His lawyer explained that Polevia’s sister is a social worker, who has discussed their family history with attorney. After Polevia serves this sentence, he will be staying with her (what community that’s in, wasn’t mentioned) and will have social and jail-release services to help keep him out of trouble.
Asked if he wanted to say anything, Polevia said “Nah, I hope you follow the recommendations. I think I learned some things, I’ve been messing up the last couple years” and said it was largely in part because his child’s mother, who had been with him 16 years, left him, after which, he said, he began getting high and messing up. Now, he said, he has had time to think and realizes he has to make things right for some people, including his family. His daughter’s birthday is October 6th, and he said his “favorite thing in the world is being a father.” He added, “Drugs have been a problem in my family for my whole lifetime … I want to raise my kids right.”
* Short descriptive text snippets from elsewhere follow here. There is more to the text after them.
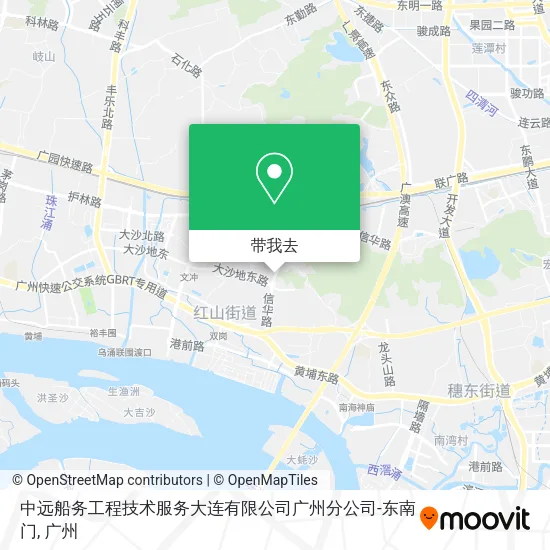 中远船务工程技术服务大连有限公司广州分公司-东南门地图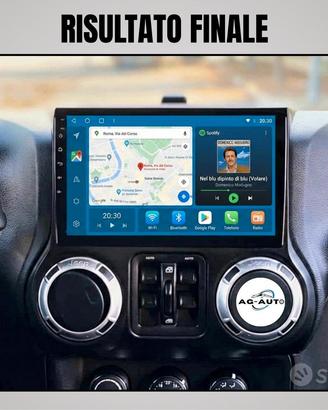 Jeep Grand Cherokee KIT COMPLETO Autoradio Android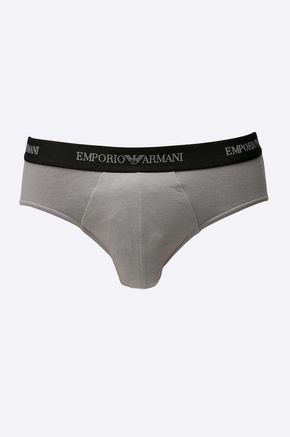 Emporio Armani Underwear moške spodnjice (2 pack) - črna. Spodnje hlače iz kolekcije Emporio Armani Underwear. Model izdelan iz gladke pletenine. V kompletu sta dva para.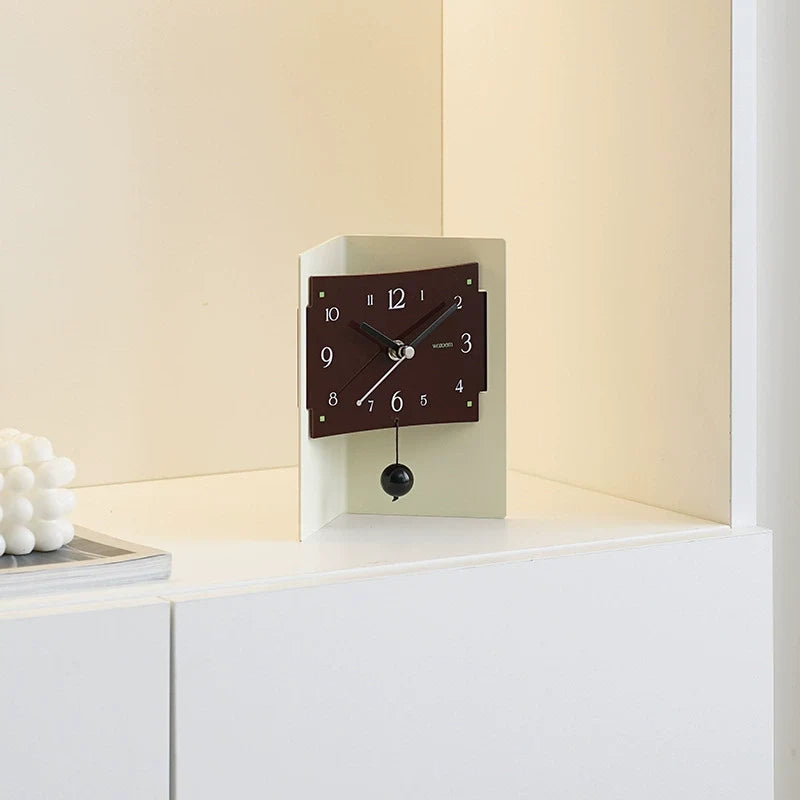 Acrylic Silent Desk Clock with Storage Tray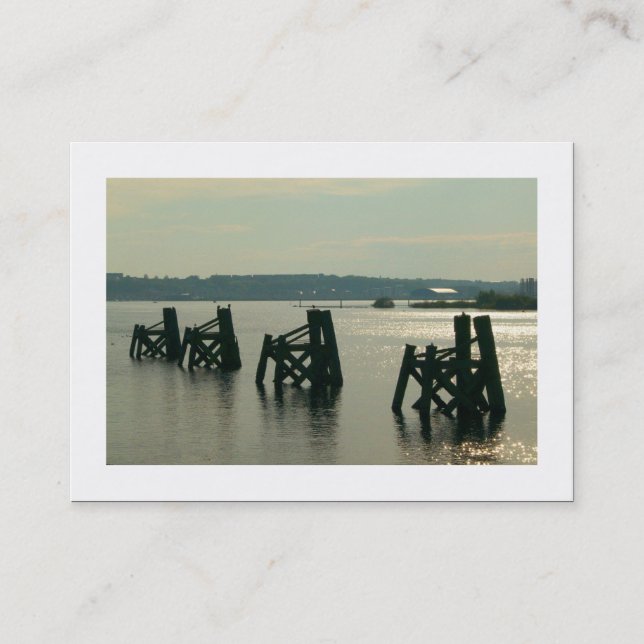 Carte De Visite Baie Cardiff (Bordé) (Devant)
Judge noted today’s sentencing includes a no-contact order with the theft/burglary victims, and mentioned three local addresses (near where he was last arrested) as places he is to stay away from. Judge Schubert also imposed a “no illegal/non-prescribed drugs” clause in the conditions of the sentence. Prosecutor Thompson asked for clarification as to whether alcohol was to be included in the prohibited substances; the judge said no, he didn’t see any indication in the files that alcohol was a problem, and he believes Polevia understands not to replace one vice with another.